There is myth that Light Rail Transit is slow, slower than SkyTrain, in fact as slow as road traffic. This needs to be corrected.
Studies have shown that streetcars operating in mixed traffic are about 10 per cent faster than buses, but streetcars or trams are not quite light rail.
Modern light rail is a streetcar or tram that operates on dedicated or reserved rights-of-ways, with priority signalling at intersections. The reserved rights-of-way enables modern LRT to obtain commercial speeds of a light metro such as SkyTrain, with commercial speed largely determined by the number of stations per route kilometre.

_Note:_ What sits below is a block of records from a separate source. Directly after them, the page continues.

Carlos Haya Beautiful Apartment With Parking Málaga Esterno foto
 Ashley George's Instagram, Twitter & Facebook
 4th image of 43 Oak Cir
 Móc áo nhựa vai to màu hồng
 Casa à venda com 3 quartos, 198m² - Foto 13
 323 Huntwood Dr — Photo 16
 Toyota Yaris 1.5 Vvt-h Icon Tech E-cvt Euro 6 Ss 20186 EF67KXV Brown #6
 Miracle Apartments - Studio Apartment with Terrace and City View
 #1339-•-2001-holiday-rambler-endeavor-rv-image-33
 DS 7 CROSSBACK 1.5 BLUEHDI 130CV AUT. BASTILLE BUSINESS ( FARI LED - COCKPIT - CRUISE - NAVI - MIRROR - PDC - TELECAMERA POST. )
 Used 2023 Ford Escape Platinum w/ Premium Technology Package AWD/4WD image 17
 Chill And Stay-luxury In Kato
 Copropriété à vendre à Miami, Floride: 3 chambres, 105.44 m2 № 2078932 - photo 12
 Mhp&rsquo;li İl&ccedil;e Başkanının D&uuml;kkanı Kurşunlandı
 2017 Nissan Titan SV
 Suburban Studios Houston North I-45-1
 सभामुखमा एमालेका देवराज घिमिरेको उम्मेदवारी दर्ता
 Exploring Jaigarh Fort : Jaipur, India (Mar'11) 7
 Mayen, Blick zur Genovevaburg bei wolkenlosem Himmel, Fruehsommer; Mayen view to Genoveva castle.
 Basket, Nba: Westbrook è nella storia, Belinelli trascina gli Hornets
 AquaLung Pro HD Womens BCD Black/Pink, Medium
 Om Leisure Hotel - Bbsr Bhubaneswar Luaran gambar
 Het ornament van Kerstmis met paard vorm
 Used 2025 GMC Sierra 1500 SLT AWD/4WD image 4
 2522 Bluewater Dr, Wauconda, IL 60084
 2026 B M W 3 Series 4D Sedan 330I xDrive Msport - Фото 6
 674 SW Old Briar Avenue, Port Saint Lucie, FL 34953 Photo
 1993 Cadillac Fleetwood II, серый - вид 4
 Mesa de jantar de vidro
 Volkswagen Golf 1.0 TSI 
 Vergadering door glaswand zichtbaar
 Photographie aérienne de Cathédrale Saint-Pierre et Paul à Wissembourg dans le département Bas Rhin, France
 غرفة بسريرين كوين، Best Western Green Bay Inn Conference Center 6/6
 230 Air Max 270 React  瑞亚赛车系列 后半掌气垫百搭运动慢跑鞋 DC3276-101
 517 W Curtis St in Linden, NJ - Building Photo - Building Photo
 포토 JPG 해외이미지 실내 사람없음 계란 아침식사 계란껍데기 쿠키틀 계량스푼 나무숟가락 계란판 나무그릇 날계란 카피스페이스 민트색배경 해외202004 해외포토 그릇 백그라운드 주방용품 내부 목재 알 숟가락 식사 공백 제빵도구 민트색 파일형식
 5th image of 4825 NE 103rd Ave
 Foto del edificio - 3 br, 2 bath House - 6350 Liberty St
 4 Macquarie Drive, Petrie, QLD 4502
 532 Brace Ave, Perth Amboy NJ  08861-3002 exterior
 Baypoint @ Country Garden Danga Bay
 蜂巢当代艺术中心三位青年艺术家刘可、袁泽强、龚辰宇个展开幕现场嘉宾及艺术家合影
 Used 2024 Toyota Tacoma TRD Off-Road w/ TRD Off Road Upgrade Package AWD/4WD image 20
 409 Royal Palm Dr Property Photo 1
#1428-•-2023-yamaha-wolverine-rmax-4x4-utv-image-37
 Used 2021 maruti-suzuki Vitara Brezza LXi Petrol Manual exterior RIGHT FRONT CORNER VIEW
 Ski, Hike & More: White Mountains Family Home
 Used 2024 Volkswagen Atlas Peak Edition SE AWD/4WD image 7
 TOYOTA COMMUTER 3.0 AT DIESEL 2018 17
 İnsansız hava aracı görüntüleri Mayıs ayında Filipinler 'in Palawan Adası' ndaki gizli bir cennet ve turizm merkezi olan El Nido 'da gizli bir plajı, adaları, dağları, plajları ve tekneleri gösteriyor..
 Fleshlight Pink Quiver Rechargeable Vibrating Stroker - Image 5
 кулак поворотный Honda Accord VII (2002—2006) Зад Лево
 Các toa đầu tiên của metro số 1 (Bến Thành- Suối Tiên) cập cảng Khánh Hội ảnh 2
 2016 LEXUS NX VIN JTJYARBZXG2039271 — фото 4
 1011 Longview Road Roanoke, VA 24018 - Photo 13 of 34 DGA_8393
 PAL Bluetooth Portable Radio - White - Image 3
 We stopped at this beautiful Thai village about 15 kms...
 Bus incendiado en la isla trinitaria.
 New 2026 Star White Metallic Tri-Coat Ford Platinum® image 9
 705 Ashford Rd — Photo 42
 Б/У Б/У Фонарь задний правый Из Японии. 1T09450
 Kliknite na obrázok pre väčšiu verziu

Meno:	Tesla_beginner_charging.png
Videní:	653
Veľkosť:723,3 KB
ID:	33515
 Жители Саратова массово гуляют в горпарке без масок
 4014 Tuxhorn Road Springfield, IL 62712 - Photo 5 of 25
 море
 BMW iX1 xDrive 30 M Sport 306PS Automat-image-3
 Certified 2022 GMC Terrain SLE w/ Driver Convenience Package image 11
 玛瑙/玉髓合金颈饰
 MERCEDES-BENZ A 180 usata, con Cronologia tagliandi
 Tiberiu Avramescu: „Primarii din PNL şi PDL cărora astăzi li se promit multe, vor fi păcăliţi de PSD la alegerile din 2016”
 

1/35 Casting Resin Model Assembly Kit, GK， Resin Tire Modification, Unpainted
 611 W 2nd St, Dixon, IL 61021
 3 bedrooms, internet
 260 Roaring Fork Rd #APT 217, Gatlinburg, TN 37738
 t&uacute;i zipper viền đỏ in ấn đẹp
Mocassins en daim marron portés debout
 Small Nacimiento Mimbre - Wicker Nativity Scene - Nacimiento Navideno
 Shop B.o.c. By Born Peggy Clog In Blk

The optimum station spacing for LRT in an urban setting is about every 500 metres to 600 metres, but with light-metro stations (SkyTrain) being so expensive, station spacing for metro tends to be further apart – one kilometre to 1.5 kms apart. This does give faster commercial speeds, but it deters ridership because door-to-door travel times are more because the transit customer must travel further to get to transit than he/she would with light rail.
Modern LRT can obtain actual speeds equal to or faster than our present SkyTrain if need be. In many cities today, modern LRT can also act as a passenger train operating on the mainline railways at mainline speeds.
It is the inherent flexibility of modern LRT – which can operate as a streetcar (in mixed traffic), as light rail on its own dedicated route, and a passenger train, often on the same route – that made light metro such as SkyTrain (only seven built in 40 years) obsolete.
Those who continually dismiss modern LRT with one excuse or another are not telling the truth and they never explain why only seven SkyTrain systems have been built in 40 years and why none have ever been allowed to compete directly against modern light rail.
Could it be that transit authorities around the world do not want to invest in expensive “Edsel-style” transit such as SkyTrain?